Building a scalable real-time search architecture with Sphinx

Intro

People store a lot of documents and other business knowledge on Papyrs and so we wanted to add search functionality so people could get to their documents more quickly. Here we’re going to give the technical explanation of how we got it all to work.

Much to our surprise we couldn’t find any package out there that met our (pretty basic) criteria. We were looking for:

  • really fast search (so results can be displayed as you type)
  • real-time indexing of new or changed documents (otherwise people who try our product for the first time won’t find the document they just created)
  • reliable unicode support (7 bits sure ain’t enough for everybody)
  • support for infix searches (important for reasons mentioned later)
  • an indexer and searcher that can scale relatively easily to multiple processes or servers when/if the need arises
  • stable performance (no segfaults please)
  • a search engine that lets us change the schema of the documents we’re indexing without breaking anything.
  • easy integration with a Python web app (using Django)

We looked at a number of search engines:

Lucence, Solr, Sphinx and PostgreSQL Full Text Search. We played with all of them but only Sphinx came close to meeting our criterea above. We’re pretty confident, looking back, that we made the right decision.
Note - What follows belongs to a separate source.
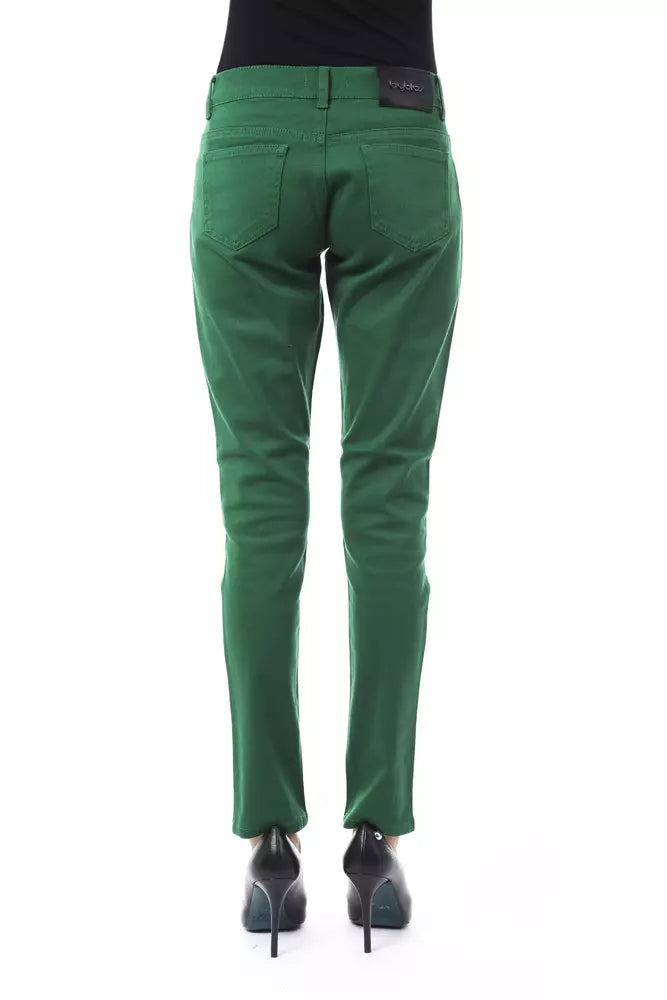 Green Cotton Women Slim Pant - SEHABRANDS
General introduction to Sphinx

Sphinx has two parts, an indexer and a search daemon. The search daemon listens for search queries such as “alpha & (delta | gamma)” and goes through the indexes for matches. The indexer reads data from a data source (relational database, XML pipe) and indexes it according to the document schema. When indexing has finished, it rotates (swaps) the index currently used by the search daemon with the new one. The old index is then deleted. This means (re)indexing and searching can happen in parrallel, and even on different physical machines if needed.

Implementation

We have different sorts of documents: Pages, Comments, Attached files, Profiles, and filled out Forms. These documents are non-uniform: different sorts of documents have different attributes. So we don’t want to hard-code the structure of the index in sphinx.conf. Instead we’ll use sphinx XML pipe functionality and generate the schema structure and data from the Django Model as needed. So for each Django Model we create a sphinx index. Then when a user searches we do a search for every document type and combine the results and display them to the user.
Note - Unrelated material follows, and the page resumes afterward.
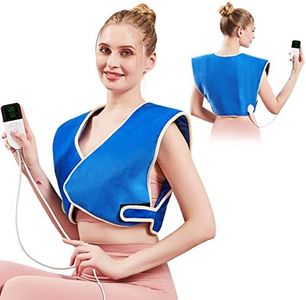 JOBYNA Almohadilla Térmica eléctrica para hombro y espalda, Envoltura de hombro calentada para calambres, Dolor muscular, Almohadilla de terapia lavable, Apagado automático, 30-70℃ Ajustable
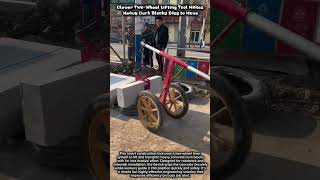 Clever Two-Wheel Lifting Tool Makes Heavy Curb Blocks Easy to Move #satisfying #engineering #diy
We connect Sphinx to Python with the Python library sphinxapi.py included in the Sphinx package. It’s a pretty straightforward mapping of API functions to Python methods. You can set the match mode, how the matches are sorted, which indexes to search through and so on. There are also a number of open source libraries that connect Django and Sphinx. We looked at Django-Sphinx but it hasn’t been maintained in the past couple of years and it doesn’t support XML based data sources (which we want to use). It instead generates a sphinx.conf file with the indexes and schema structures in there.

Generating XML data

So let’s illustrate how XML generation works using an example Comment model. We add a Sphinx metaclass for each Django Model we want to index.

The classes Attr and Field are simple wrapper classes that we use to generate the Sphinx schema from. They also make sure that when the XML data is generated that the data is of the correct type. Sphinx has a very fragile XML parser, so we have to make sure that boolean columns only contain boolean values, that everything is escaped properly and so on.

Using the SphinxSchema definition above we can easily generate the XML schema:

So with the combination of schema and a Django QuerySet we can now generate the XML data for sphinx to index. Pseudocode:

This works but we have to optimize: we don’t want to reindex everything when a single record changes. So we use two indexes for every document type: a main index and a delta index. The main index is the large index that contains everything that hasn’t been touched recently and the delta contains those documents that have been recently created, modified or deleted. The delta index is small and can be re-indexed frequently. The easiest way accomplish this is to give every model an “updated_at” timestamp, and every time a record is changed you update the timestamp.

Then you just partition the indexes into parts: the main index contains all records where [0 <= updated_at <= last_merge_time]. The delta contains all records where [last_merge_time < updated_at <= last_delta_time]. More partitions can be added if needed, but two indexes per document type will probably be good enough unless you have a huge database or documents change very frequently. Anyway, every time a user changes a document the indexer starts and re-indexes the all files that have been changed since last_merge_time and updates last_delta_time to the current time (technically, the time when it *started* delta-indexing, because that's when the database transaction starts). See the illustration:



After an update the delta partition is completely re-indexed. Then the delta and main indexes are merged into one. During this time a few new documents arrive and the process starts anew.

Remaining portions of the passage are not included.